Can you share 5 random
facts about this new book?
(1) This is my fourteenth
published novel set in the Smoky Mountains.
(2) DOWNSIZING is set in
the Glades Arts & Crafts Community east of Gatlinburg off Highway 321. The
Arts and Crafts Community offers a series of galleries, shops, stores, and
restaurants on a scenic 8-mile loop road, a great place to visit in the
Smokies.
(3) Mary Path Latham,
faces a series of hard “knock downs” at the first of this book that force her
to downsize and change her life, and not by choice.
(4) When life “knocks us
down”, we often “Look Up” for help, and you will see often in this book how God
helps Mary Pat in the transitions she faces.
(5) While forced to
downsize her life in ways she has no choice about, Mary Pat also decides to
make some positive life changes, including downsizing her weight. If this interests you there is a FREE
download book detailing Mary Pat’s diet with some inspirational tips offered at
the end of the book.
As a young girl I always
dreamed about writing and illustrating children’s books … and I did later write
some picture books with illustrations for my children to enjoy, which are still
in a drawer somewhere. … However, time slipped along with college, marriage,
children and work taking my time and energies. For pleasure and relaxation, however,
the books I read the most through high school, college, and my young adult
years were romance books, both contemporary and historical, many with a bit of
suspense and mystery tucked in….Those were always my favorites.
When my children were
grown and gone at mid life, my husband J.L. and I started hiking the trails in
the Smoky Mountains near our home. Soon we decided to work on a hiking
guidebook featuring our favorite trails, which took us much often to the
mountains of Tennessee and North Carolina as we explored trails all over the
Smokies. While out hiking we’d stop in small bookshops and
stores, and as an avid reader, I started looking for contemporary romance novels
set around the Smoky Mountains we were exploring. But I couldn’t find any. One
day I asked one of the store managers, “Don’t
you have any contemporary novels set here in the mountains—you know, a good
story with a little romance and mystery?” He shook his head. “ I wish I did. People ask for that kind of
book all the time. You’d think with the Smoky Mountains the most visited
national park in America that someone would write some.” … That seeded the
first thought in me to write books to meet that need.

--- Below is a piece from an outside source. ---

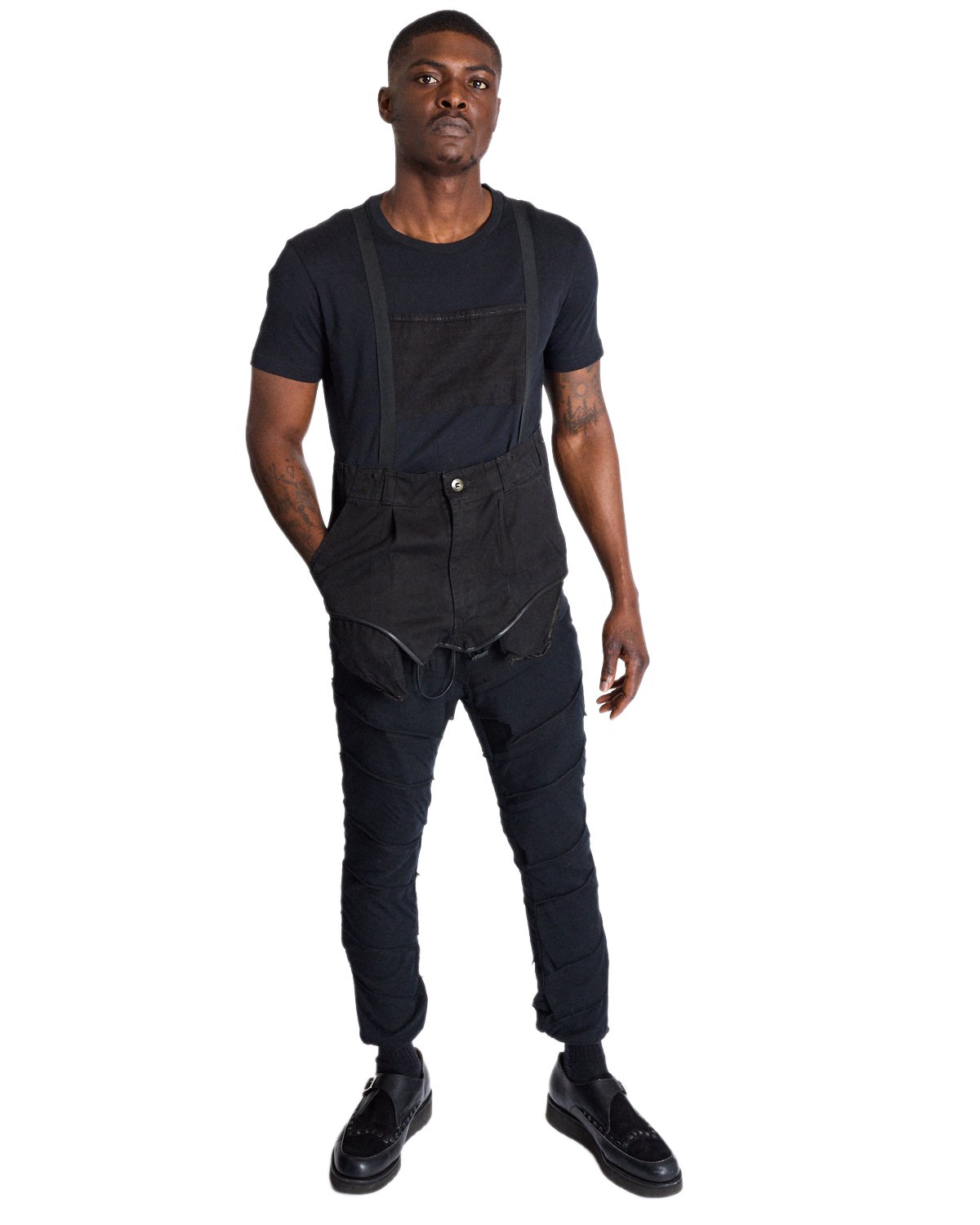 Look_03a.jpg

And one day when out on
the road, the idea for a series of romance books, with a bit of suspense tucked
in, simply dropped into my mind. I came
home and scribbled down my ideas, seeing how I could set each romance in a
different place in the Smoky Mountains, giving readers not only into a rich,
heart-warming story they would love to read but taking them to a real place in
the Smoky Mountains they might visit later. … With that idea bubbling, I began
to plot and plan my stories.
Later, with three books
completed and seeking a publisher, I connected with an imprint of Carolyn
Sakowski’s wonderful John F. Blair publishing company out of Winston Salem,
North Carolina. They were seeking a regional Appalachian romance series and
liked my books … so my publication journey began signing contract with that
imprint. My first book THE FOSTER GIRLS, set in Wears Valley, published in
2009, followed by books taking readers to Gatlinburg, Townsend, Cosby, Bryson
City, Maggie Valley, and more.
I wrote what I loved to read
and what I enjoyed reading myself, and hoped others might like my books, too—and
to my joy readers loved my Smoky Mountain stories. Even before all twelve of
the planned books were completed, fans began pushing for more, so on the advice
of my editor at Kensington at the time, Audrey LaFehr, I started a new series
of stories, The Mountain Home Books, to take readers to more places and
adventures around the mountains. HAPPY VALLEY, published last year, was the
first Mountain Home Book; DOWNSIZING is the second, and the third EIGHT AT THE
LAKE publishes next year.
In 2019, I also ventured away
from my Smoky Mountain branding … and took readers to our favorite beach
vacation spot with three books called The Edisto Trilogy…. I now have over
fifteen published romance books, a novella in one of Kensington’s Christmas
anthologies, plus three regional guidebooks co-authored with my
husband—including our hiking book The
Afternoon Hiker, that started it all.
I have a rich
imagination … and ideas just seem to flow out to me all the time for my books.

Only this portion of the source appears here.